In [5]:
from deap import base, creator, tools
from rdkit import RDLogger
from rdkit import Chem
from rdkit.Chem import Descriptors
from rdkit.Chem import Lipinski
from ml_models.classifier import Classifier
from tqdm import tqdm
import pandas as pd
import numpy as np
import random

In [6]:
THEO_SMILES = 'N1C=NC2=C1C(=O)N(C)C(=O)N2C'
data = pd.read_csv('../data/database_CCDC.csv', header=None)
data.columns = ['smiles']
data.head()

Unnamed: 0,smiles
0,CC1(C)C(=O)NC1S(=O)(=O)C1=CC=CC=C1
1,CC1C(=O)NC1S(=O)(=O)C1=CC=CC=C1
2,OC1=CC=CC(O)=C1
3,C(=CC1=CC=NC=C1)C1=CC=NC=C1
4,C1=NC=CC(C2C(C3=CC=NC=C3)C(C3=CC=NC=C3)C2C2=CC...

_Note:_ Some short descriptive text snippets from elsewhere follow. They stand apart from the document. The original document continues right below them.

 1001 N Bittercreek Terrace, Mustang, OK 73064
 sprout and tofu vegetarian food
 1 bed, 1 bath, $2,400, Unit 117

### Классы для дополниельных оценок

In [7]:
class SARCalculator:
    """Класс для оценки сложности синтеза молекул (SAR) по шкале 0-1"""

    def __init__(self):
        self.MIN_SAR = 1.0
        self.MAX_SAR = 5.0

    def _estimate_synthesis_steps(self, mol):
        return min(5, max(1, int(mol.GetNumAtoms() / 10)))

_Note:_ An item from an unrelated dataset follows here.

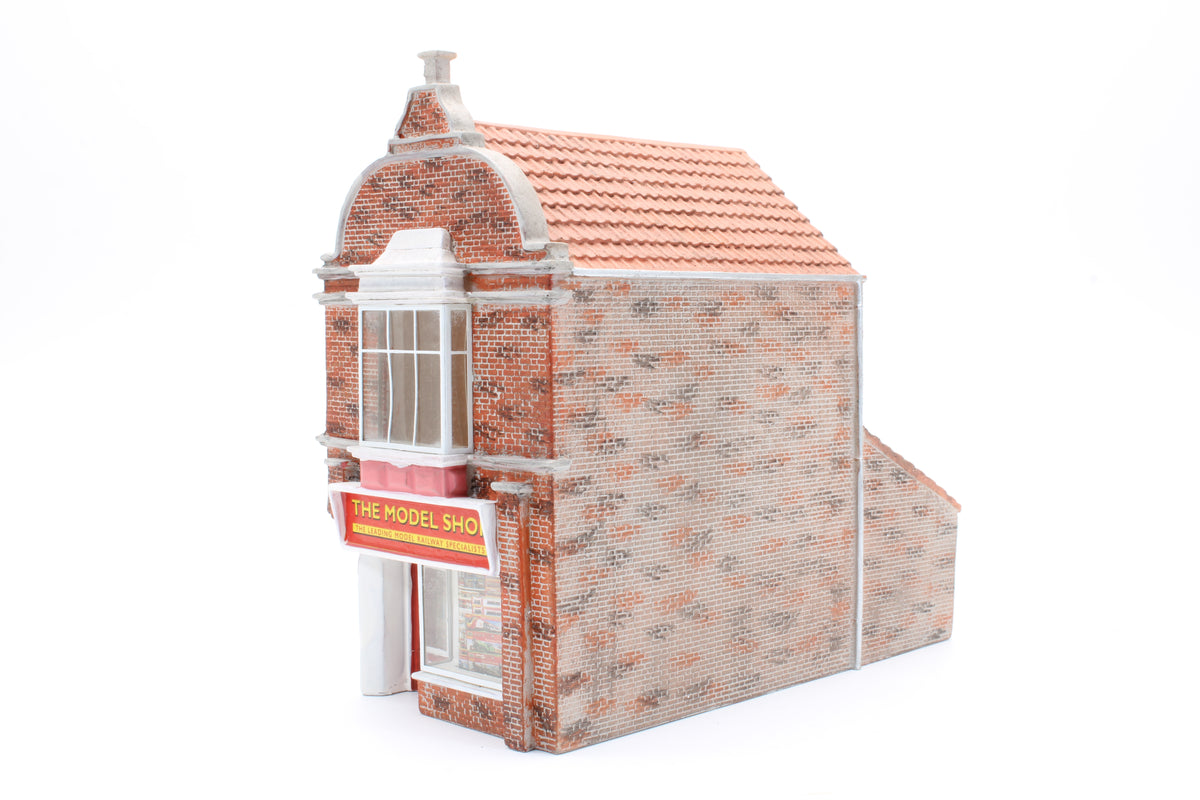 Pre-Owned Hornby Skaledale The Model Shop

    def _estimate_reaction_conditions(self, mol):
        if THEO_SMILES in Chem.MolToSmiles(mol):
            return 0.1  # Базовый теофиллин - простые условия
        return min(1.0, Descriptors.NumRadicalElectrons(mol) * 0.2 + Descriptors.NumRotatableBonds(mol) * 0.05)

    def _predict_yield(self, mol):
        complexity_factor = Descriptors.MolLogP(mol) / 10
        return max(0.1, 1.0 - complexity_factor)

    def _chromatography_complexity(self, mol):
        return min(1.0, Descriptors.NumRotatableBonds(mol) * 0.15 + Descriptors.TPSA(mol) * 0.005)

    def calculate_normalized_SAR(self, smiles):
        mol = Chem.MolFromSmiles(smiles)
        if not mol:
            return 0.0

        components = {
            'steps': self._estimate_synthesis_steps(mol),
            'conditions': self._estimate_reaction_conditions(mol),
            'yield': self._predict_yield(mol),
            'chromatography': self._chromatography_complexity(mol)
        }

        weights = [0.4, 0.3, 0.2, 0.1]
        raw_sar = np.dot(weights, [
            components['steps'],
            components['conditions'] * 5,
            5 * (1 - components['yield']),
            components['chromatography'] * 5
        ])

        normalized_sar = (raw_sar - self.MIN_SAR) / (self.MAX_SAR - self.MIN_SAR)
        return max(0.0, min(1.0, normalized_sar))

In [8]:
class CocrystalEvaluator:
    """Класс для оценки ко-кристаллизации теофиллина (шкала 0-1)"""

    def __init__(self):
        self.theo_smiles = THEO_SMILES
        self.theo_mol = Chem.MolFromSmiles(self.theo_smiles)

    def _calculate_h_bond_score(self, cof_mol):
        h_donors = min(Descriptors.NumHDonors(cof_mol), 2)
        h_acceptors = min(Descriptors.NumHAcceptors(self.theo_mol), 3)
        return (h_donors / 2 * 0.6) + (h_acceptors / 3 * 0.4)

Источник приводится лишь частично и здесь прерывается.